16/07/2025 mrmondialisation.org  9min #284374

 François Bayrou dévoile un plan pour économiser 44 milliards d'euros et relancer la production

Austérité, jours fériés, santé... : Bayrou lance le bulldozer social

Ce mardi 15 juillet 2025, le Premier ministre, François Bayrou, a annoncé une cure d'austérité drastique afin d'« économiser 44 milliards d'euros » sur le budget de 2026. Pour y parvenir, le fondateur du MoDem entend plus que jamais mettre à contribution les classes populaires, en épargnant les plus riches. Le point sur son discours.

Dans le plan du locataire de Matignon, une série de propositions d'une rare violence à l'encontre des travailleurs a donc été dévoilée.

La suppression de deux jours fériés, le gel des retraites, des salaires des fonctionnaires et des allocations, le doublement de la franchise sur les médicaments ou encore la destruction de 3000 emplois publics ont ainsi été mis sur la table.
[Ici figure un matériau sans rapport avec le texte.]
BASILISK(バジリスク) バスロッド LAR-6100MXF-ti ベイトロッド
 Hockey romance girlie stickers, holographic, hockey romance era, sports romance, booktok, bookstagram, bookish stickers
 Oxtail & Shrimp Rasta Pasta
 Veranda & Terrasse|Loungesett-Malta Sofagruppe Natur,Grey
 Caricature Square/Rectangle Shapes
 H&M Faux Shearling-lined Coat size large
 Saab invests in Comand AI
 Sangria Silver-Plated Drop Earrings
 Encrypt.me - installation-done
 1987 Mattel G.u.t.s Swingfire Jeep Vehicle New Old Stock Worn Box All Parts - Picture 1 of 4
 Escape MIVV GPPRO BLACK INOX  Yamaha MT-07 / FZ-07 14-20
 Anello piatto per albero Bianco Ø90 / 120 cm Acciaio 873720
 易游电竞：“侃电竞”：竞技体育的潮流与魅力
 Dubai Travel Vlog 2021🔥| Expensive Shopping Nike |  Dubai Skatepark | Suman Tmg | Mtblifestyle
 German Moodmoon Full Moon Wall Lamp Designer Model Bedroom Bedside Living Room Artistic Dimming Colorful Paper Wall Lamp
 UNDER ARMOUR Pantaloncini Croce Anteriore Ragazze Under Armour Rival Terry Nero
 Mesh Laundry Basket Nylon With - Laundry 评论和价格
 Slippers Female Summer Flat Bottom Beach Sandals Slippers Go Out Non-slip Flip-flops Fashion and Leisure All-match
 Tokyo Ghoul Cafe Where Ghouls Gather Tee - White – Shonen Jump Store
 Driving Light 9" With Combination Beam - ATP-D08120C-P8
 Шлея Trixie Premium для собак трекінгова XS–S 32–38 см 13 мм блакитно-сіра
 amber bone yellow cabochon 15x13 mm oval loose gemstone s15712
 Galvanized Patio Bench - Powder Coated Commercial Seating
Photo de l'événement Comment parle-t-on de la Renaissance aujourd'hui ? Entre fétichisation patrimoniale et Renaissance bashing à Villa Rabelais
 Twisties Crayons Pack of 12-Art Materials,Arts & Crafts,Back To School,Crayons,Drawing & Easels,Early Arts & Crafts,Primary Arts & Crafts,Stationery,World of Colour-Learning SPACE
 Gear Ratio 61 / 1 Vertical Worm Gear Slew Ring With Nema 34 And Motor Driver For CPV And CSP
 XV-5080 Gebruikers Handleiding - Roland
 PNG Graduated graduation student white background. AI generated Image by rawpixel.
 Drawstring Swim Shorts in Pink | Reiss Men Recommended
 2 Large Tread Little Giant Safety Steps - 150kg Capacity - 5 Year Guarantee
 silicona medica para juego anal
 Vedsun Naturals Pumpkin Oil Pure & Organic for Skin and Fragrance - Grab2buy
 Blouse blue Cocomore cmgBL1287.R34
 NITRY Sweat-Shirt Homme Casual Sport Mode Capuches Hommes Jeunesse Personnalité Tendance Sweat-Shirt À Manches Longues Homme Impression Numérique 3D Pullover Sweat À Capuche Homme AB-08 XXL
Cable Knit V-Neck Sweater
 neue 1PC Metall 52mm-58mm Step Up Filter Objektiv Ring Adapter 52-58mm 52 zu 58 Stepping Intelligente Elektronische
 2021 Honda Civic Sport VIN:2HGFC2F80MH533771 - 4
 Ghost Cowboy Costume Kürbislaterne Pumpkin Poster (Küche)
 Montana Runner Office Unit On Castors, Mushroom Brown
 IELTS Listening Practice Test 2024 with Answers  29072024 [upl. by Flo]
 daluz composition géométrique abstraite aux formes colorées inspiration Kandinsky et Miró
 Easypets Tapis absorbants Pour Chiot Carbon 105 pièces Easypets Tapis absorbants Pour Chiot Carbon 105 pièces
Nouvelle vague de violence sociale

« 2026 sera une « année blanche » au niveau budgétaire ».

François Bayrou n'a pas manqué de dramatiser la situation, brossant le portrait d'une France au bord de la ruine où des économies colossales seraient nécessaires. Pour y parvenir, comme à son habitude, le gouvernement Macron s'en est pris aux classes populaires et aux travailleurs et travailleuses.

À comparer aux 211 milliards offerts aux entreprises et tout particulièrement aux grands groupes qui se gavent d'aides publiques, d'exonérations...
(Je dis ça, je dis rien...)  pic.twitter.com/SOL8OcXJqU

- Jérôme Legavre (@LegavreJerome)  July 15, 2025

En premier lieu, il a ainsi exposé son souhait de voir l'année de 2026 devenir une « année blanche » au niveau budgétaire. Autrement dit, tout resterait figé par rapport à 2025, sans tenir compte de l'inflation.

Augmentation des impôts déguisée

En effet, habituellement, les retraites, les allocations et la plupart des postes de dépenses de l'État sont généralement indexés sur l'inflation afin de les réajuster. Si cette mesure est appliquée, tout restera figé au niveau de cette année, ce qui engendrera, de facto, une  augmentation fiscale déguisée, via le blocage du barème de l'impôt et celui de la CSG.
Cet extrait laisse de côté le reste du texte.